The Eldrazi are screwing up the Angels of Innistrad something fierce, but fortunately Angels are still pretty awesome! Awesome enough to put a control deck at the forefront of #SCGBALT contenders!

This may have been the most talked-about rogue deck from #SCGCOL, although it’s not from too far out in left field, instead drawing upon the success of W/B Control during Shadows over Innistrad Standard.

But where that deck was extremely creature-light and used Gideon, Ally of Zendikar to do the heavy lifting of generating pressure on the opponent, this deck employs an Angel-centric strategy centered around Gisela, the Broken Blade and Bruna, the Fading Light.

Obviously melding the two into Brisela, Voice of Nightmares is the ideal scenario, and not a particularly far-fetched one if you watched the coverage last weekend, but the most important part of this new package is that each piece can function effectively by itself. Gisela draws the most direct comparison with Gideon, Ally of Zendikar, given that it occupies the same spot on the curve, and for the most part they do similar things: pressure opposing life totals and planeswalkers and make attacking more difficult for your opponent.

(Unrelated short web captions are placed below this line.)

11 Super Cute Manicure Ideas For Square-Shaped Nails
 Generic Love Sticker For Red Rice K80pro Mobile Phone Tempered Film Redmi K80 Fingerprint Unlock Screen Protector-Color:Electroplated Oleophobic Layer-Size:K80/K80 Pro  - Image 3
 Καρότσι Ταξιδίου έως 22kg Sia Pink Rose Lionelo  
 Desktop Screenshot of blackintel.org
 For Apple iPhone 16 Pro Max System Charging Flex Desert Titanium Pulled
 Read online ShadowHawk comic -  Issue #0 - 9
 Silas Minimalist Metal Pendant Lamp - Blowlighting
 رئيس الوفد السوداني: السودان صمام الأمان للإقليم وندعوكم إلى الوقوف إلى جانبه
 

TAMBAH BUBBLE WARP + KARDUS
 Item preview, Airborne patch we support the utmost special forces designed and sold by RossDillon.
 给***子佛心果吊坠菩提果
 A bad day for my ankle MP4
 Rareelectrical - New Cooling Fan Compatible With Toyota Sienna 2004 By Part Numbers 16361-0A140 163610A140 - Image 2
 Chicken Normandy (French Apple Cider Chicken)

And while Gisela matches up worse against Reflector Mage and removal spells, it is much more effective of a play when behind. The 4/3 first strike, lifelink body is excellent in combat and should discourage attacking altogether a large percentage of the time, whereas the Knight Ally token Gideon makes is easily trumped.

In order to blunt this newfound vulnerability to creature removal, Ritner’s deck incorporates two copies of Thalia’s Lancers and two of Liliana, the Last Hope. Both generate needed card advantage while also ensuring that you can recur your threats over the course of a longer game. And when all of your threats are must-answers, recurring them is very powerful. The reliance on creatures also allows you to maindeck Kalitas, Traitor of Ghet, yet another threat that can dominate a game by itself and also generate card advantage.

The end result is that W/B Control has shifted down the spectrum some to more of a midrange-control hybrid, although the difference in terminology is largely cosmetic. The true gain is that the deck is better-positioned to come back from behind, which is a position that if finds itself in a lot, given the relatively high curve and lack of proactive plays before turn 4.

Many pilots of the deck were already shifting into a creature-oriented deck after sideboard anyway but preferred to commit to the near-creatureless maindeck to nullify opposing removal. This list makes a statement that the new angels are powerful enough to render that juke unnecessary.